Mdzukulu Sophocles in Antigone says: “All men may err; but he that keepeth not his folly, but repenteth, doeth well; but stubbornness cometh to great trouble.”
Mdzukulu, now you know what Malawians have become.
I mean critics of the country’s leadership have now become fools for merely faulting the country’s leadership for lack of serious, ethical, incorruptible, sacrificial and visionary leadership which can inform and drive the nation forward to a preferred future.
In fact, Malawians are being called foolish for merely stating that the county’s leadership’s scornful indifference to the suffering of Malawians and the myriad of problems buffeting the country is gnawing at the heart and fabric of the nation and is likely to leave lasting emotional and physical scars that will prove difficult to treat and heal.
Anyway, that is what Malawians have become, mdzukulu, under the ‘wise’ leadership of President Peter Mutharika and his Democratic Progressive Party (DPP).

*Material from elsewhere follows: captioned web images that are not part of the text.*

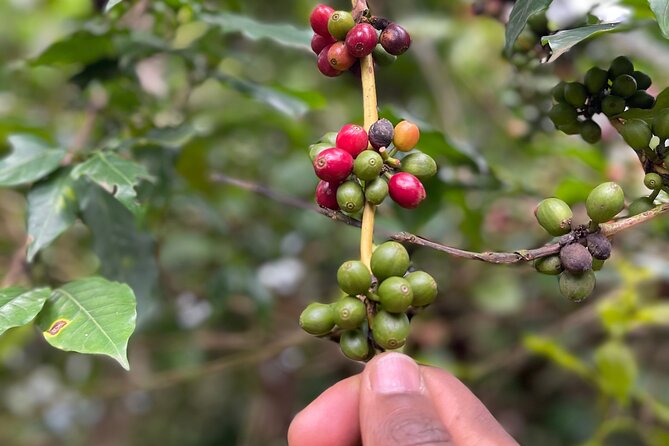 Materuni Waterfalls & Coffee Tour - Discover Coffee Cultivation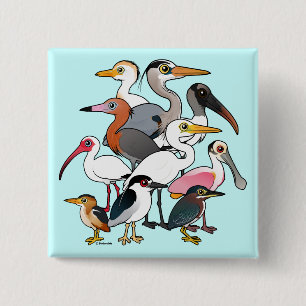 Chapa Cuadrada Waders norteamericanos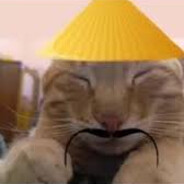 Gato chino avatar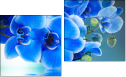 Diptych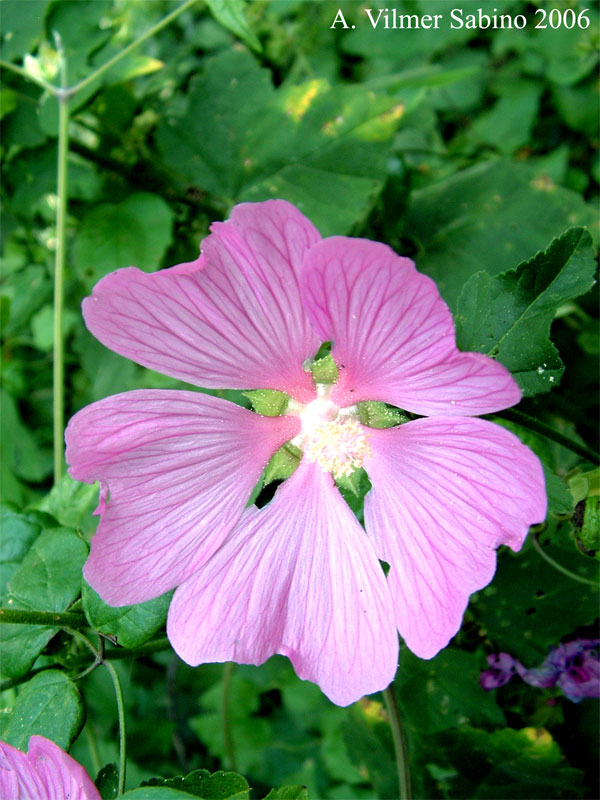 Malva Thuringiaca / Malvone di Turingia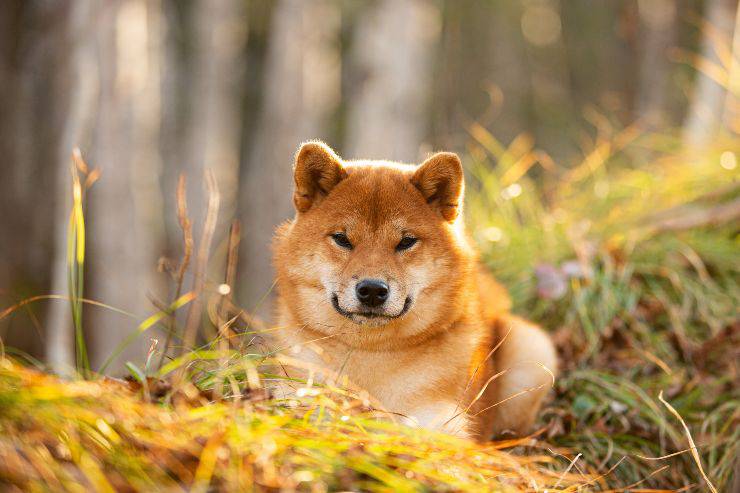 cane nel bosco razze di cani con gli occhi a mandorla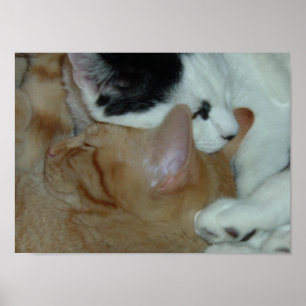 Póster Gatinhos apaixonados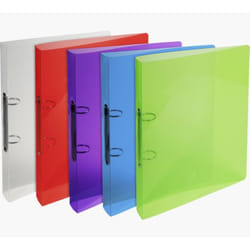 Exacompta 54498E classeur à anneaux A4 Multicolore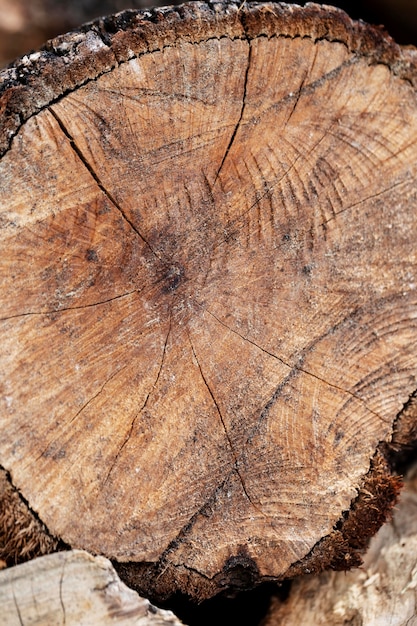 Photo close up wood texture background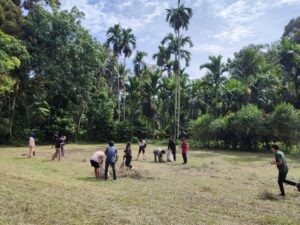 Anak Nagari Gotong Royong Persiapkan Festival Maek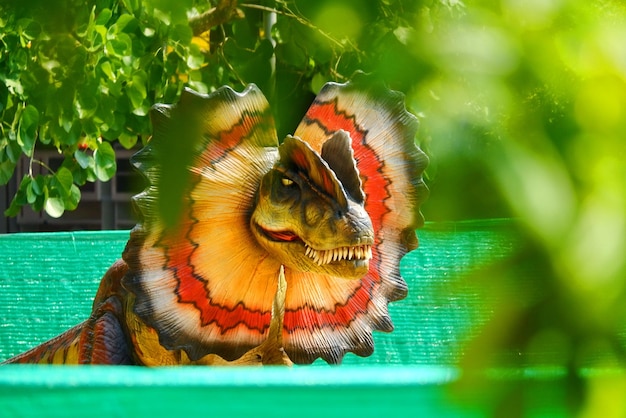 Foto close-up de um pássaro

But all what people are saying is that, today under DPP leadership, majority given high and strategic positions in key ministries, departments and agencies like ministries of Finance, Justice, Anti-Corruption Bureau and Judiciary, inter alia, are but either politically connected or tribesmen.
The reward and punishment systems in the civil service have broken down. Meritocracy has ceased to be the guide in the recruitment and promotion of public servants.
In short, mdzukulu, people are recruited either because they come from the same district as the political leaders or are related to the politicians or are assumed to be belonging to the same party as the ruling elite.
How Malawians perceive elective office and public service has everything to do with our sorry state of affairs.
We are fast – and irreversibly – becoming a society believing anything is acceptable as long as there is no explicit law against it or we are not caught in the act of commission.
That is the fountain of myriad problems the country is experiencing.
That is why I laugh, mdzukulu, when I hear that Mutharika has approved the unbundling of the University of Malawi (Unima).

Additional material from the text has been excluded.